From: "Paul F. Dietz" [EMAIL PROTECTED]
Subject: Re: SMP Support
Date: Tue, 02 Mar 1999 04:46:22 -0600

 I suppose it depends on how your disk performs.  If your disk I/O is
 really slow, then maybe it really helps if one process can be
 compiling while another is writing to disk, whereas if your disk I/O
 were really fast then this wouldn't make as much of a difference.
 Just guessing though

Also, doesn't the kernel compile use the -pipe option
to gcc?  That would already give some parallelism
even without the -j option to make.

Paul

--

From: Safuat Hamdy [EMAIL PROTECTED]
Subject: Re: Some notes on glibc-2.1 and egcs-1.1.1
Date: 02 Mar 1999 11:07:16 +0100

Andreas Jaeger [EMAIL PROTECTED] writes:

   2. programms compiled with gcc-2.8.1 and glibc-2.0.6 which previously worked
  well fail when recompiled with egcs-1.1.1 and glibc-2.1
 
   here make (3.77) is a good example (but others exist, moc from Qt is another
   one)
   [...]
 
   Did someone else made the same observations?
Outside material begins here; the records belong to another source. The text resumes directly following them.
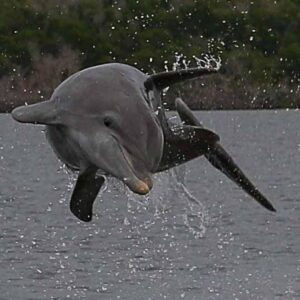 Marco Island: 2-Hour Dolphin, Birding, and Shelling Tour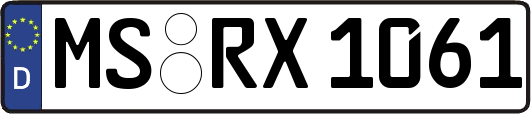 MS-RX1061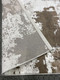 Миниатюра изображения товара Ковер Radjab Carpet Астра Овал 1647A / 11266RK (1.6x2.3, Brown/Beige)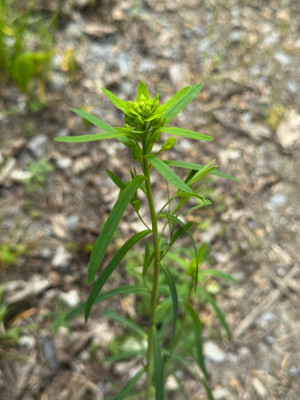 IMG_5021.jpeg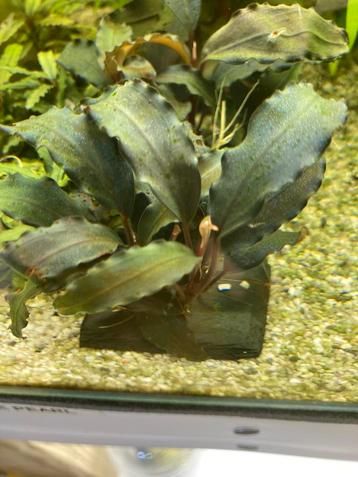 Bucephalandra superblue beschikbaar voor biedingen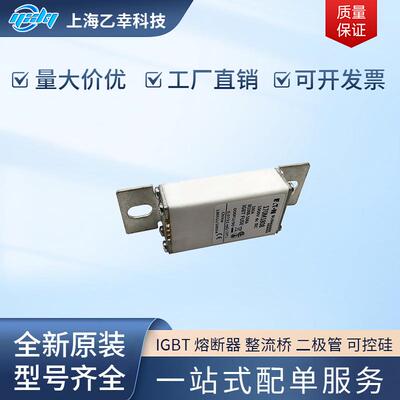 巴斯曼熔断器 170M1807 170M1808 170M1809 170M1810 170M1811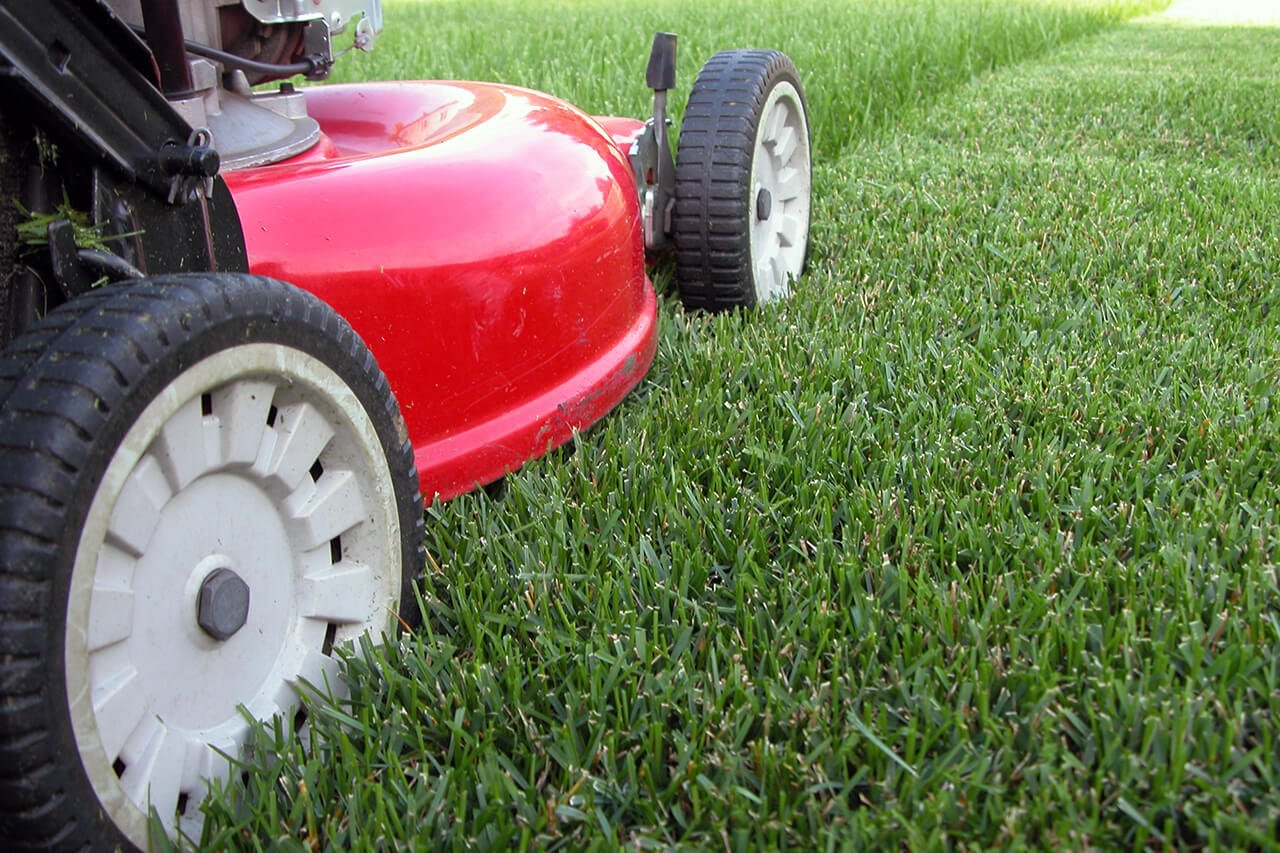 Lawn-Maintenance-Service-in-Sheboygan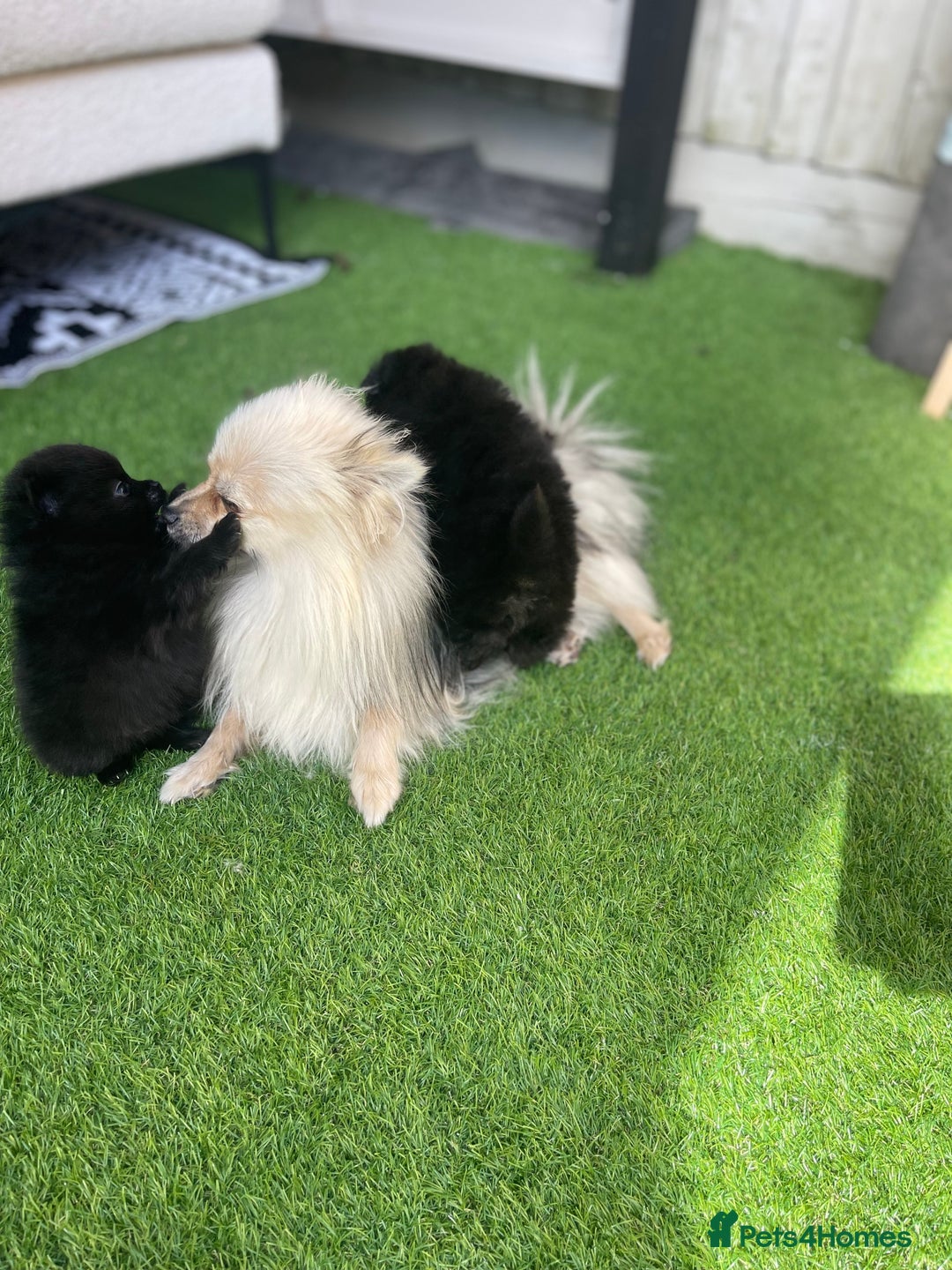 Pomeranian dogs for sale: Pomeranians - Image 4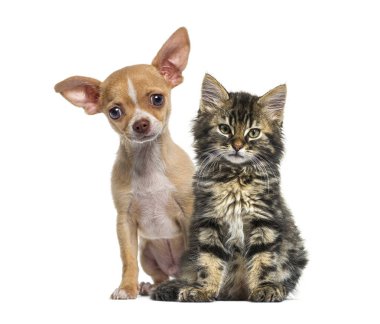 Chihuahua köpeği ve beyaz bir arka planda oturan Norveç orman kedisi.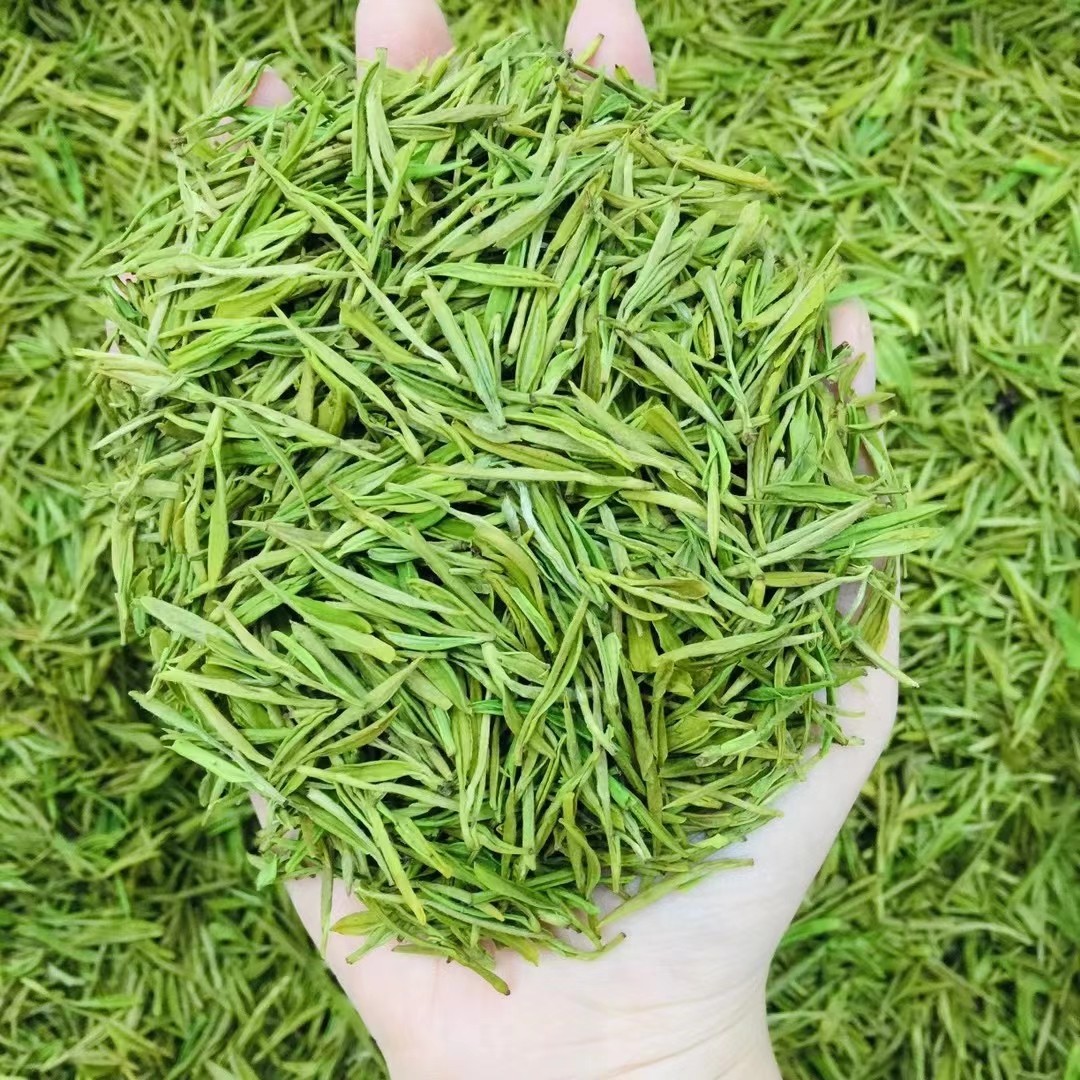 《现货》2021年新茶恩施富硒白茶豆香型明前头采颗颗嫩芽毛峰250g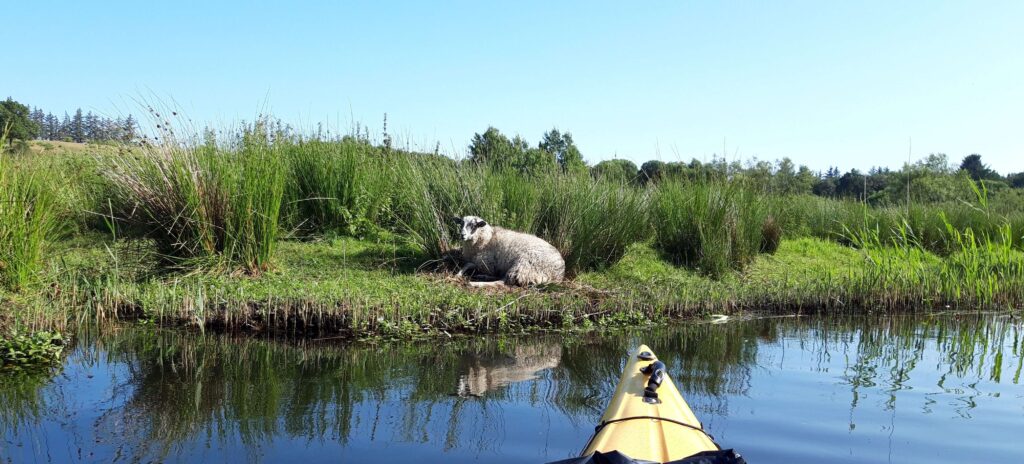 Med kajak på Halkær å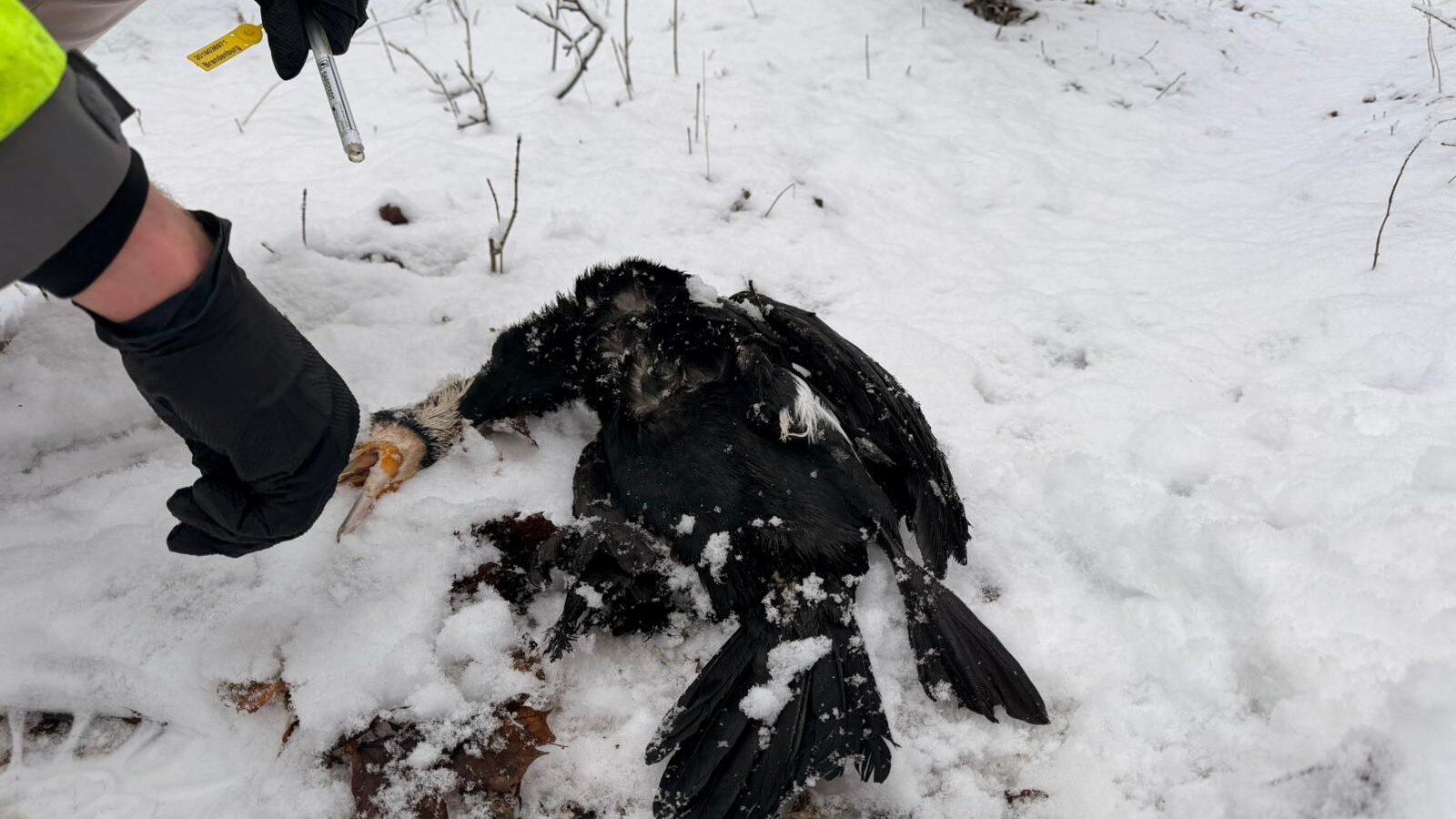 Warum liegen mehr tote Vögel in Cottbus? Das könnte dahinter stecken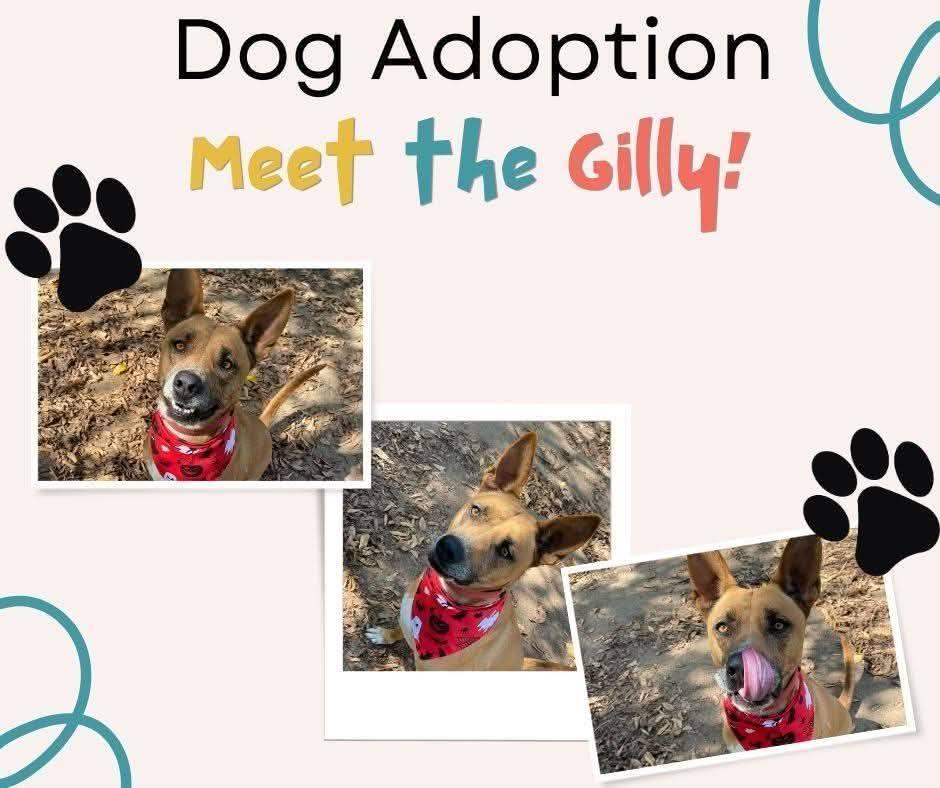 Enlarge Gilly, an adoptable mixed breed in Denison, TX image 4/4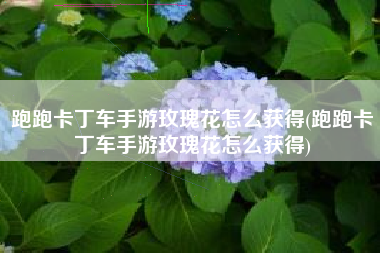 跑跑卡丁车手游玫瑰花怎么获得(跑跑卡丁车手游玫瑰花怎么获得)
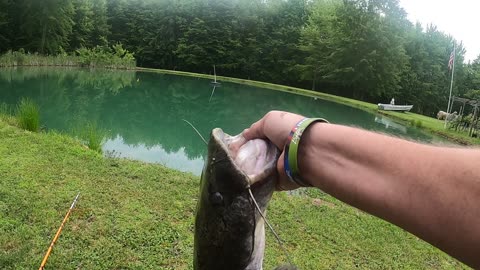 Farm pond flatheads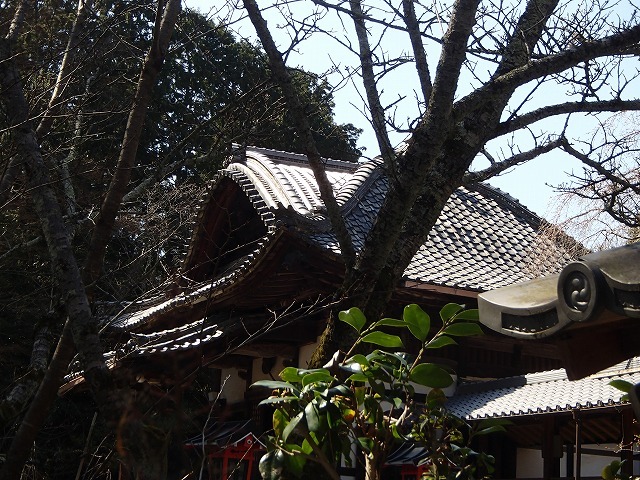 b0044663_852445.jpg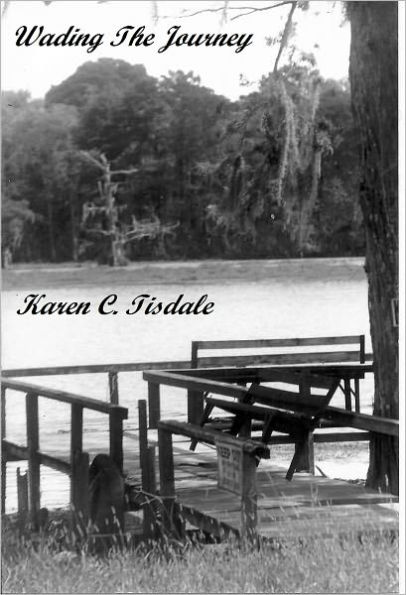 Wading The Journey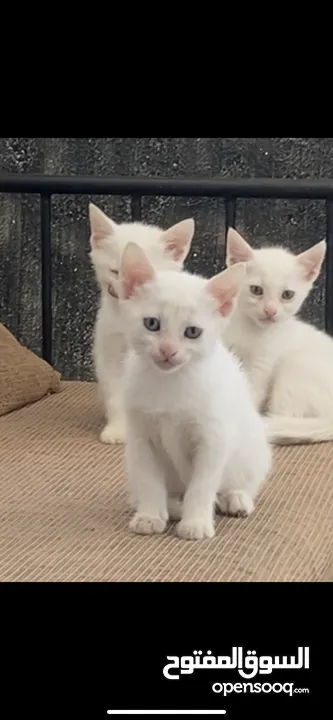 3 chatons angora turc race pure, 1mois et 17 jours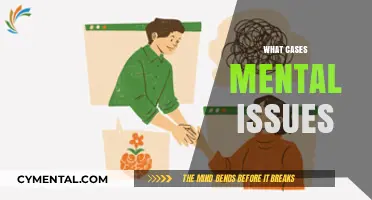 Unraveling the Complex Web: What Cases Mental Issues?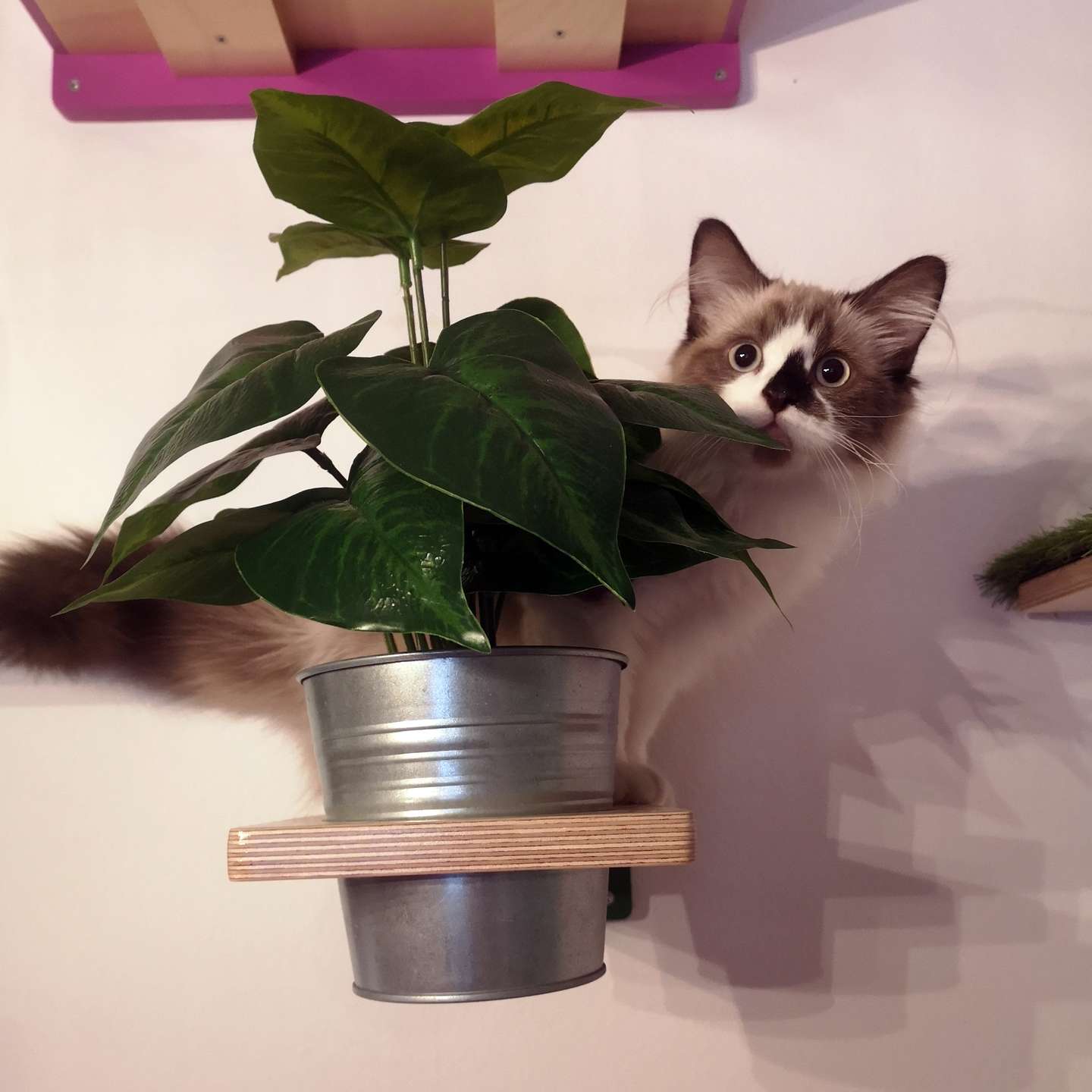 Cat Wall Shelf Step Plant - Wally Flora - Scratchy Things Premium Pet Furniture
Is there a way out of this 
uncomfortable situation?
 Read the glibc2.1 FAQ:
 4.6.I've build make 3.77 against glibc 2.1 and now make gets
 segmentation faults.

sorry that I come back on this, but I checked moc more closely.  Conclusion:

moc (Qt-1.43) compiles well and does not have the "defects" make-3.77 suffers from.  
Anyway moc
crashes, for instance:

in qt-1.43/src:

$ gdb ../bin/moc
...
(gdb) run dialogs/qfiledialog.h -o dialogs/moc_qfiledialog.cpp
...
Program received signal SIGSEGV, Segmentation fault.
0x400ca291 in _IO_unbuffer_write () at genops.c:734
734   _IO_SETBUF (fp, NULL, 0);
(gdb) bt
#0  0x400ca291 in _IO_unbuffer_write () at genops.c:734
#1  0x400ca2c9 in _IO_cleanup () at genops.c:749
#2  0x40095029 in exit (status=0) at exit.c:62
#3  0x4008caa1 in __libc_start_main () at ../sysdeps/generic/libc-start.c:78

Similar results for moc from Qt-1.40 when recompiled with glibc-2.1 and egcs-1.1.1 
(which worked
well with glibc-2.0.6 and gcc-2.8.1)

And now?

-- 

S. Hamdy|  All primes are odd except 2,
[EMAIL PROTECTED]|  which is the oddest of all.
|
unsolicited commercial e-mail   |  D.E. Knuth
is strictly not welcome |

--

From: "davide morelli" [EMAIL PROTECTED]
Subject: how can i change the video mode in c++
Date: 27 Feb 1999 00:47:16 +0100

under windows'95

davide,
[EMAIL PROTECTED]

--

From: "davide morelli" [EMAIL PROTECTED]
Subject: can you tell me how to write a .dll in c++ ?
Date: 27 Feb 1999 00:48:21 +0100

davide,
[EMAIL PROTECTED]

--

From: "mark gittins" [EMAIL PROTECTED]
Subject: Re: waiting for milliseconds?
Date: 2 Mar 1999 11:17:33 GMT

usleep should be available, see man 3 usleep.


[EMAIL PROTECTED] 

Linux-Development-Sys Digest #447

1999-03-02 Thread Digestifier

Linux-Development-Sys Digest #447, Volume #6  Tue, 2 Mar 99 21:14:31 EST

Contents:
  The proc filesystem on Linux 2.2.1 (Sandeep Kumar)
  Patch for 2.2.* and some Digital Celebris machines (Christopher Neufeld)
  Re: SMP Support (Michael Hirsch)
  Re: 256 threads limit on linux (Nelson Minar)
  Re: PROOF: Jesus *is* an iMac (Stuart Bell)
  procpc-1.2.9 'w' command??? (Karl Keyte)
  Re: WHY AM I BEING BLAMED? ("Jim H.")
  rtlinux and RedHat 5.2 (2.0.36) ([EMAIL PROTECTED])
  Problem with libstdc++ ("Alahel")
  something like getch needed (John DeBoard)
  V2.2.0  V2.2.2 kernel do not compile on a m68k Amiga A1200 (Mr Guest)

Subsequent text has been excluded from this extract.